In their paper published on the Australian Policy Online site, Robert and Charles Kenny make a strong case refuting some of the benefits that FTTH advocates claim and argue that subsidy isn't justified as the benefits aren't necessarily real.
I broadly agree with their arguments that fiber broadband isn't necessary for many of the applications often quoted as requiring extreme bandwidth, and that rushing to give taxpayers money to incumbent carriers to replace their copper with fiber access networks isn't warranted.
There are some oversights in their argument however.
One problem with current Internet access is the cost. With any scarce commodity it is common to use price as an exclusion to ration distribution and so it is with Internet bandwidth.
BT's first attempt at a national IP network (Colossus) wasn't fit for purpose. It didn't scale to carry the bandwidth required by their centralised wholesale access network design. BT's response was to introduce punitive usage charges onto the ISPs who pass these on to their customers, for example in inclusive usage offers, caps, application traffic shaping and overusage fees.
BT's own retail consumer entry-level ADSL service includes 10GB usage allowance each month - this could be consumed in less than two minutes on a full-speed Gigabit connection. If FTTH was being implemented on a grand scale, the problems of the inadequate backbone infrastructure would be thrown into sharp relief.
The problem can't be solved by tinkering with bandwidth prices or including bigger allowances - the new backbone network needs to be engineered differently to cope with three-orders-of-magnitude bandwidth jumps and new applications at the access layer.
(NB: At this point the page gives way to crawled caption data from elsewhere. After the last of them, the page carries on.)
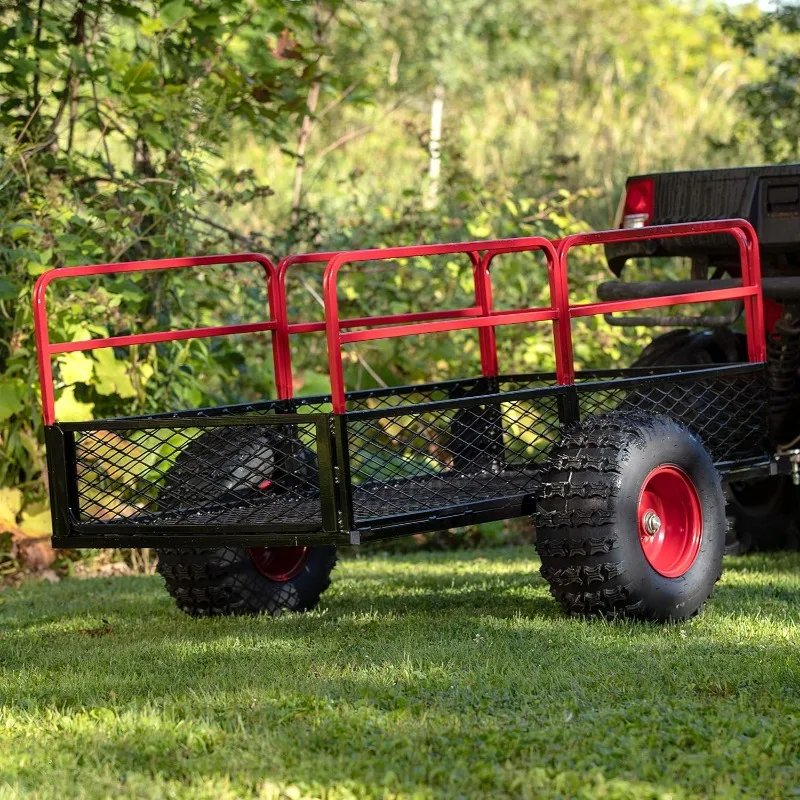 Heavy Duty  Trailer for Off Road Use Capacity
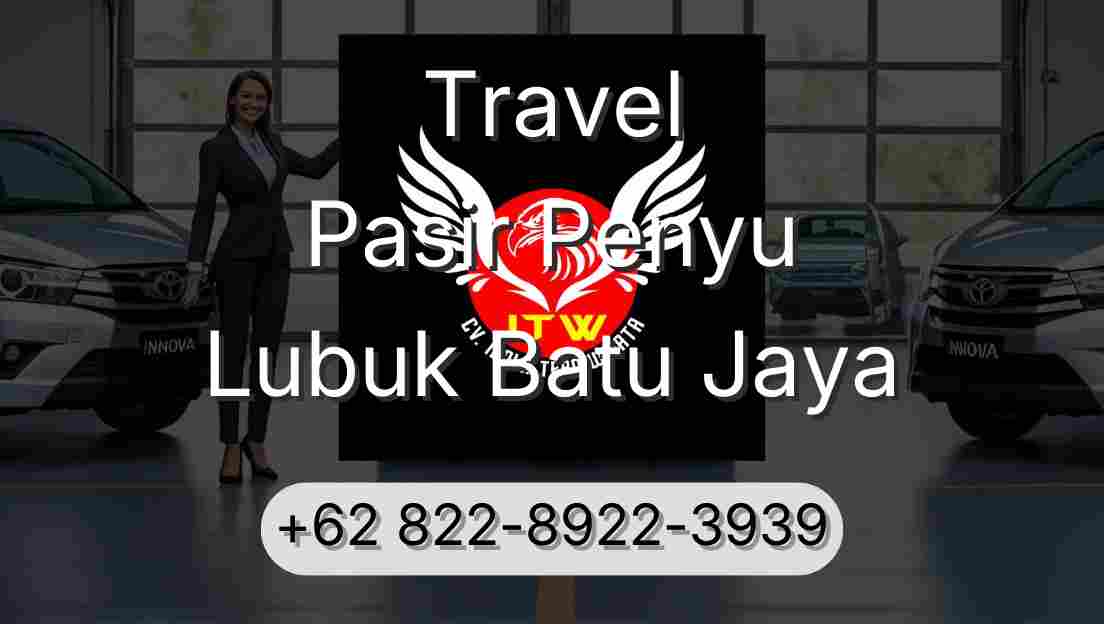 Travel Pasir Penyu Lubuk Batu Jaya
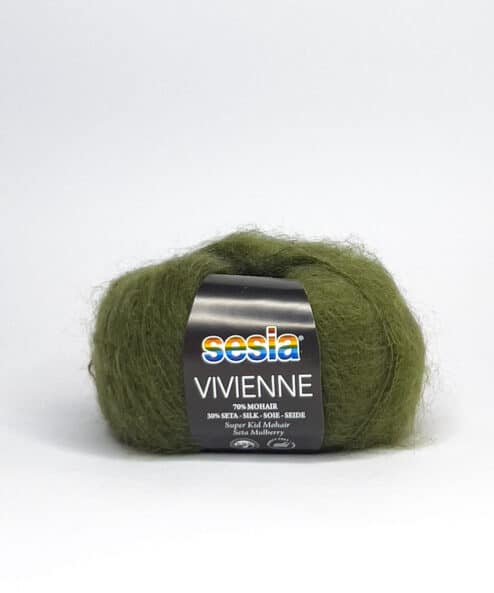 Sesia Yarn Mohair and Silk Vivienne color chart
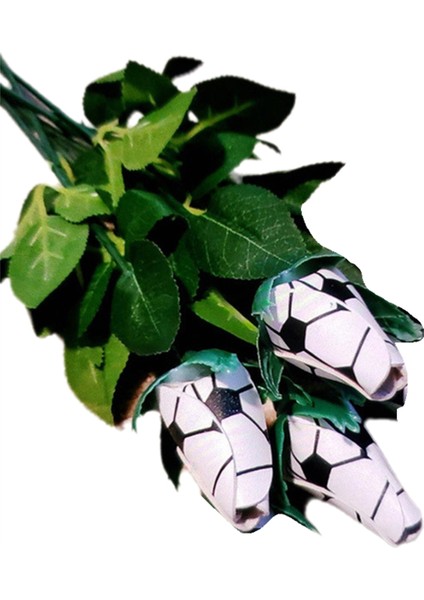 Spor Deri Gül, Kişiselleştirilmiş Voleybol Gülü, Yapay Voleybol Çiçeği, Voleybol Hayranları Için Anneler Günü Hediyesi C (Yurt Dışından)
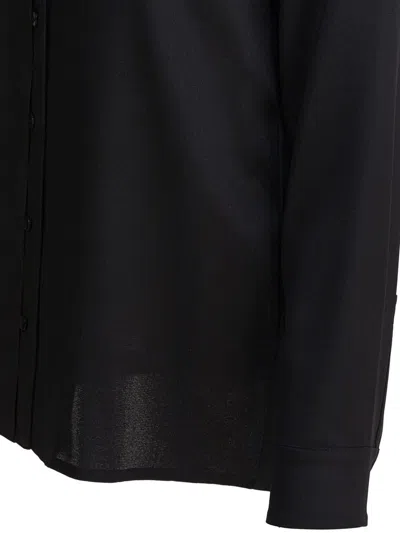 Max Mara Shirts In Black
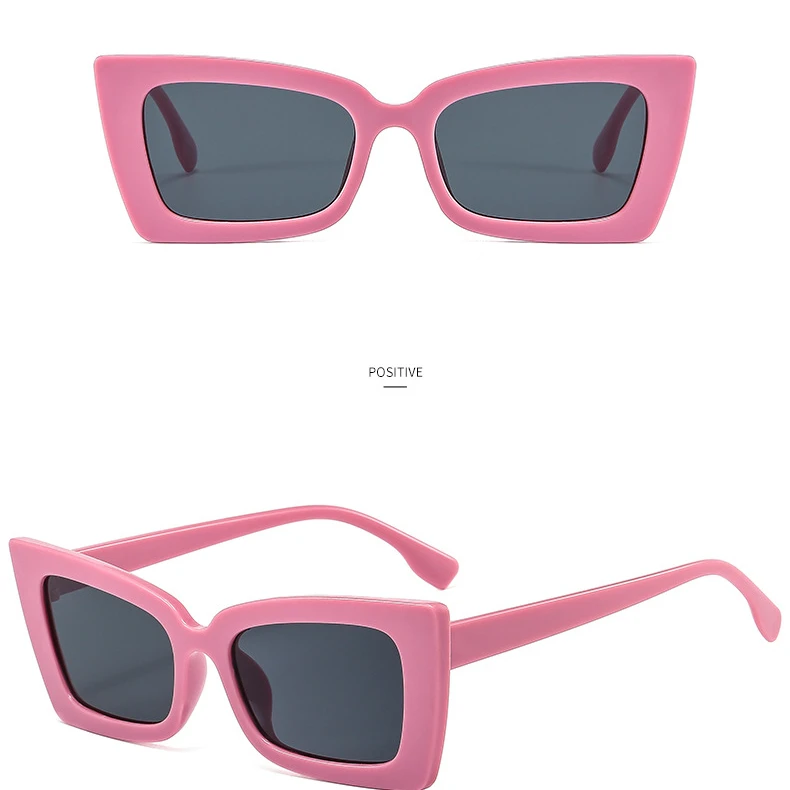 

Luxury designer sunglasses 2022 women's fashion oversized butterfly sunglasses personalized big frame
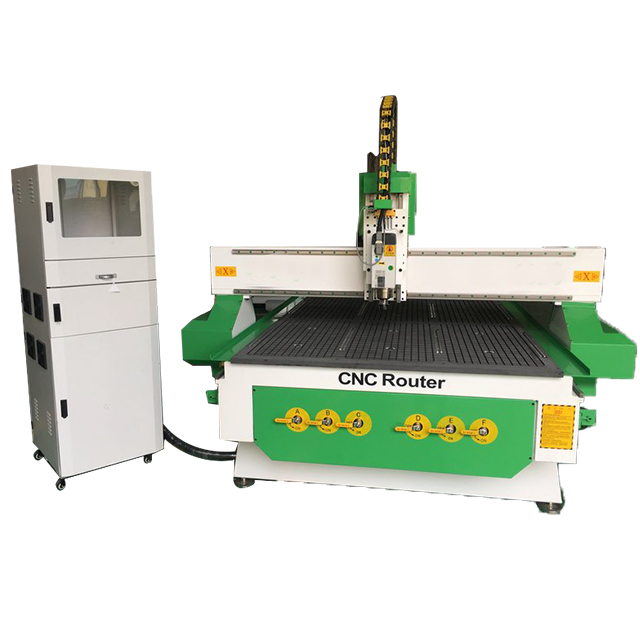 1300*2500mm Wood CNC Router Machine For Solid wood door making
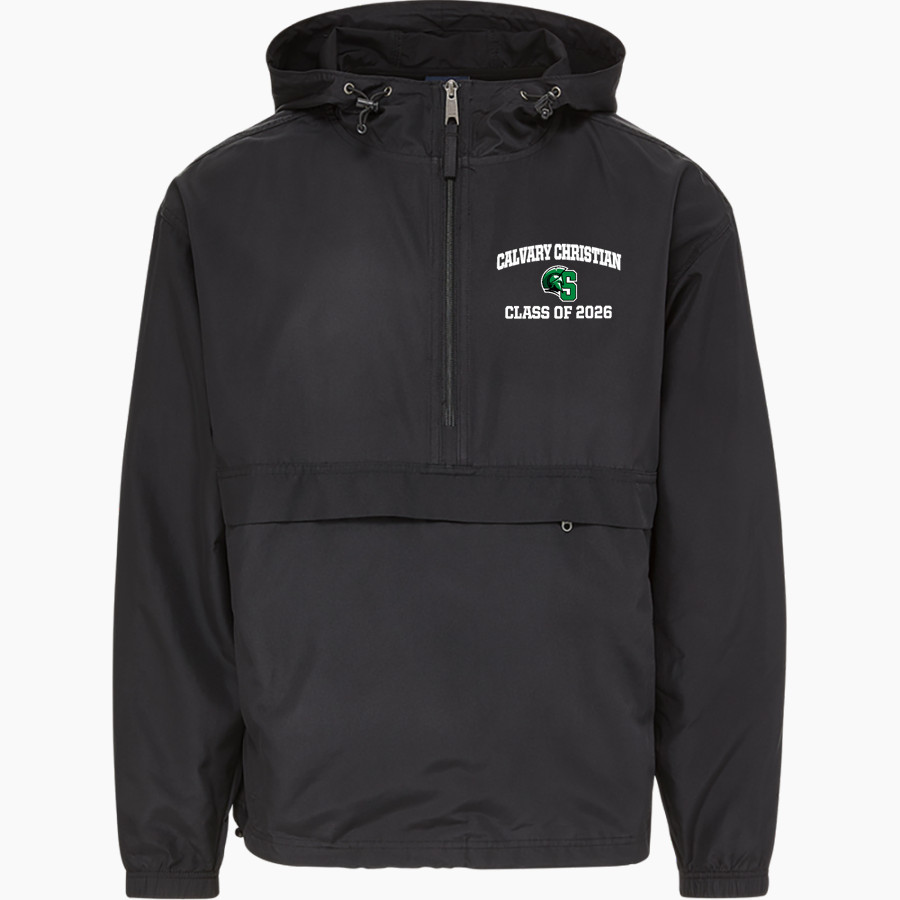 Calvary Christian Spartans <span class="pdp-name-mascot">Calvary Christian Spartans</span> MV Sport Men's Pioneer Packable Windbreaker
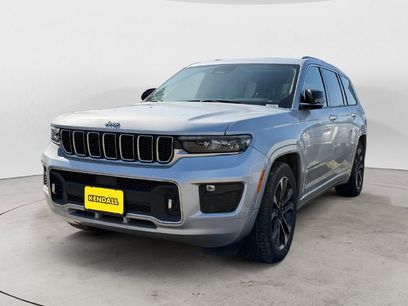 Used 2022 Jeep Grand Cherokee L Overland w/ Luxury Tech Group IV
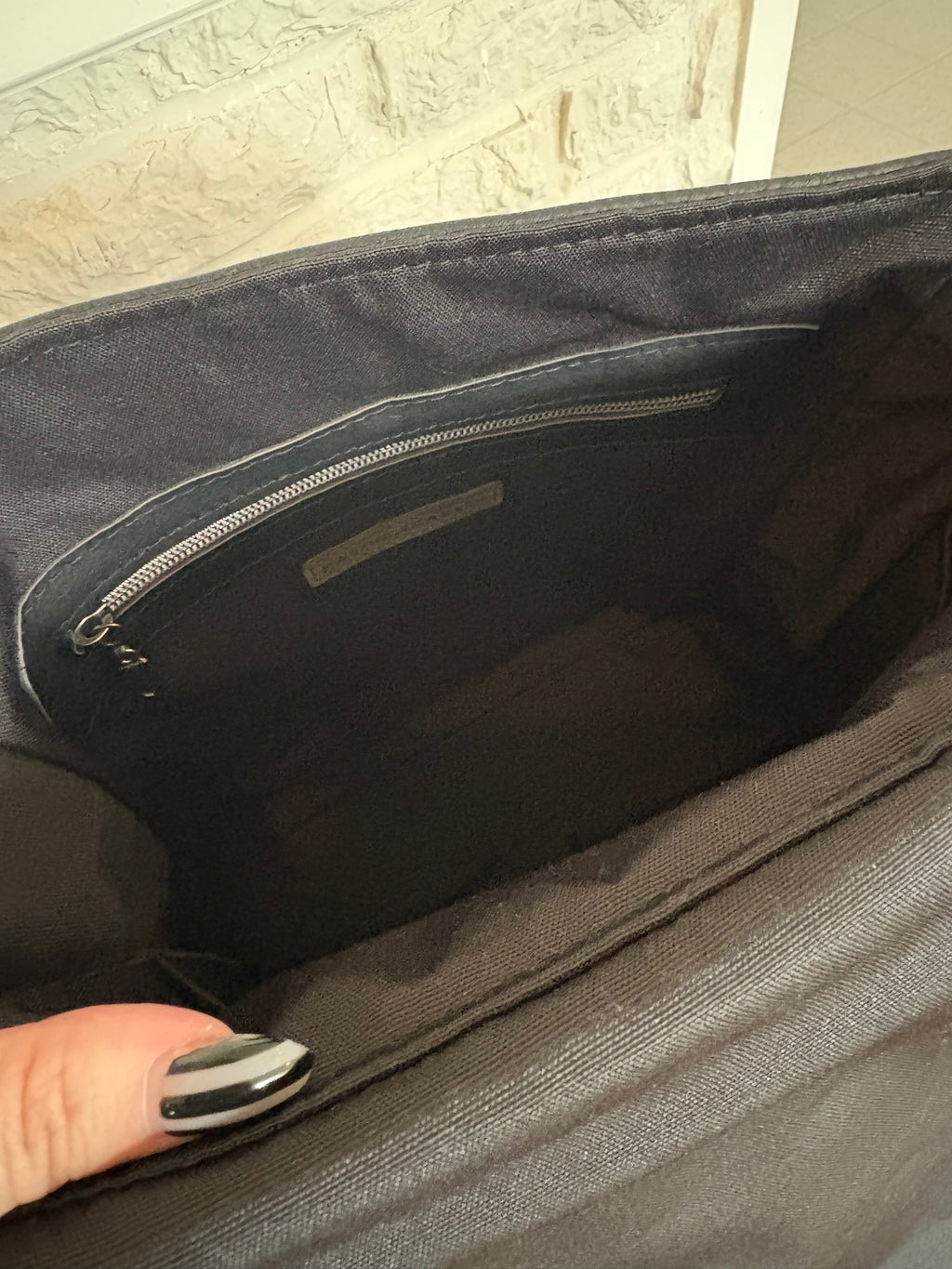 Dice Messenger Bag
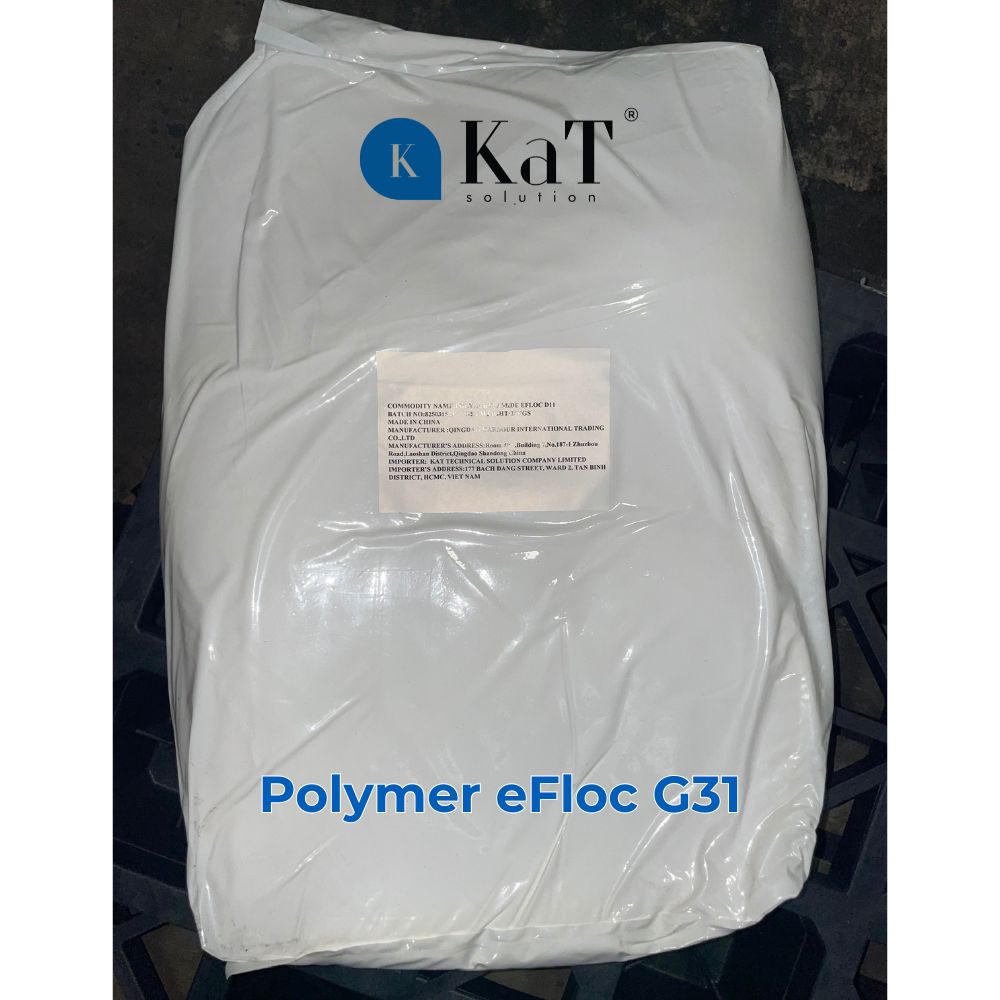 Hóa chất Polymer eFloc G31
I would suggest local/regional routing and multicast as two technologies that should be deployed for a start, content centric networks might be the ultimate solution.
The perception that bandwidth is scarce and so must be rationed, usage fees levied and applications restricted has to be dispelled so we can move on to the next level.
Unfortunately it is in the carriers' interests to keep the status quo - their usage charging has moved from being a simple rationing system to being a handy source of revenue, and they would seek to extend this by subverting net neutrality too, so they can charge even more when they can.
Dismissing FTTH as being unecessary or unwarranted means not only that the old copper access networks will be given a life extension, but so will the backbone networks that connect them, eventually leading to Britain looking like the last users of tallow candles in an LED lit world.